There exist three (rather simple) graphs such that the Gram matrix these three graphs for $\exp\big(−\gamma d(x,y)\big)$ is not positive semidefinite.

**Hint:** Check out numpys `numpy.linalg.eigvalsh` and `numpy.exp` functions.

# Task 4 - Optimal Assignment Kernel

Show that the construction
$$ [H^k (X)]_v = \Big(w(v) − w\big(parent(v)\big)\Big) × |X_v| $$
on Slide 20 of Lecture 9 defines a histogram for any hierarchy $H$.

# Task 5 - Weisfeiler Lehman Optimal Assignment Kernel

## Task 5.1
Implement the Weisfeiler Lehman Optimal Assignment Kernel (using the formulation on Slide 20 of Lecture 9).

## Task 5.2
Apply the Weisfeiler Lehman Optimal Assignment Kernel on the DHFR
dataset for a depth of $k = 3$. Compare its classification performance to that of the ordinary Weisfeiler Lehman subtree kernel of the same depth $k = 3$.

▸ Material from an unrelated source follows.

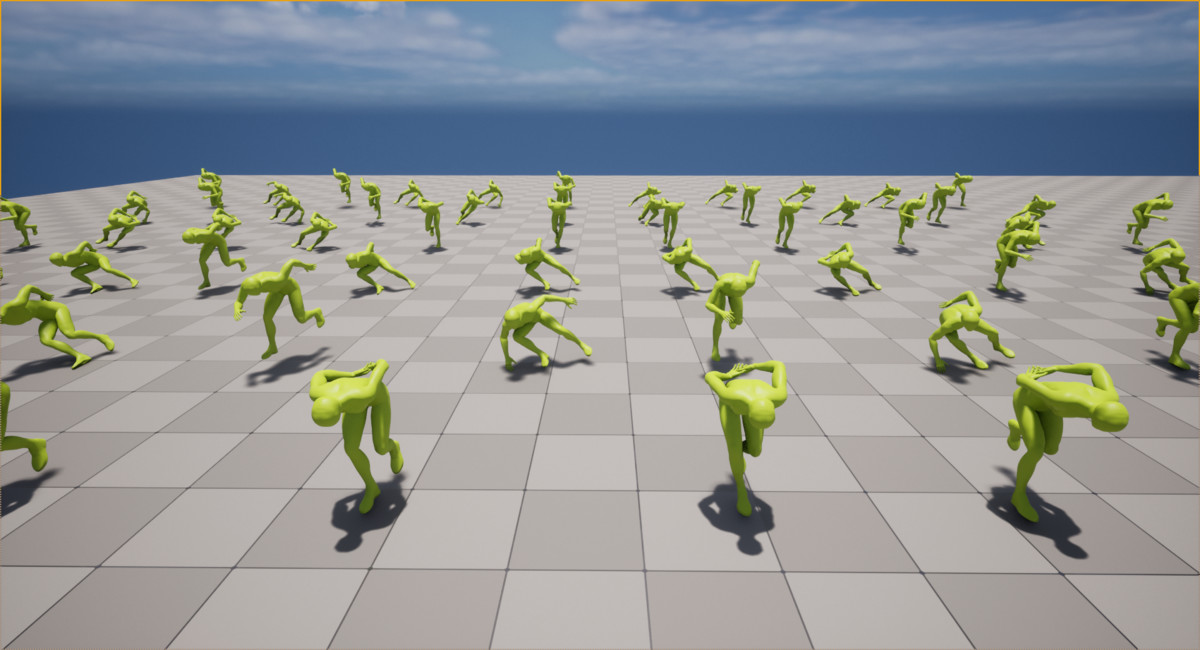 Ice Skie and Skate Animation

**Note:** You can compare the results of your implementation to that of the [grakel implementation](https://ysig.github.io/GraKeL/0.1a8/kernels/weisfeiler_lehman_optimal_assignment.html) of the Weisfeiler Lehman Optimal Assignment kernel, or just straight away apply this variant, if you are not interested in implementing it yourself.